I’ve left a lot of shows early after giving the engineer the kind of tilted head look you’d expect from a Jack Russell Terrier. Most people in the audience probably blamed the artist. But as a sound engineer, I believe that the sound crew must have the talent and ability to overcome acoustics, equipment and at times, even the artist to make the performance a positive experience for the audience. Here are things to focus on in order to be successful.
3 Keys to success
1. Remain Transparent to the audience
A good live engineer has to possess the ability to remain invisible to the audience. All the glory goes to the talented individuals on stage. No matter what you do, you must never take the focus off the artist and put it onto you.
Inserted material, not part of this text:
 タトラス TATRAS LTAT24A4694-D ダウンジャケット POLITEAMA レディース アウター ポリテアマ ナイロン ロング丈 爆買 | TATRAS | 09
From your effects, EQ, mixing, and technical aspects, the audience perception should always be that the artist holds the key to the great sound.
• You must take care of the needs of the show during sound check in order from the basic and through the complex. First, tackle the room acoustics with EQ, speaker placement and cross over. Second, adjust and dial in the gain structure of your artists. Third, adjust the mix by volume and channel EQ. And last, add in effects for a more pleasing sound. Don’t move on in the sound check until you have addressed each issue in order. Skipping to channel EQ when your room hasn’t been treated is a recipe for a bad mix, or as I say, “you can’t shine a turd”.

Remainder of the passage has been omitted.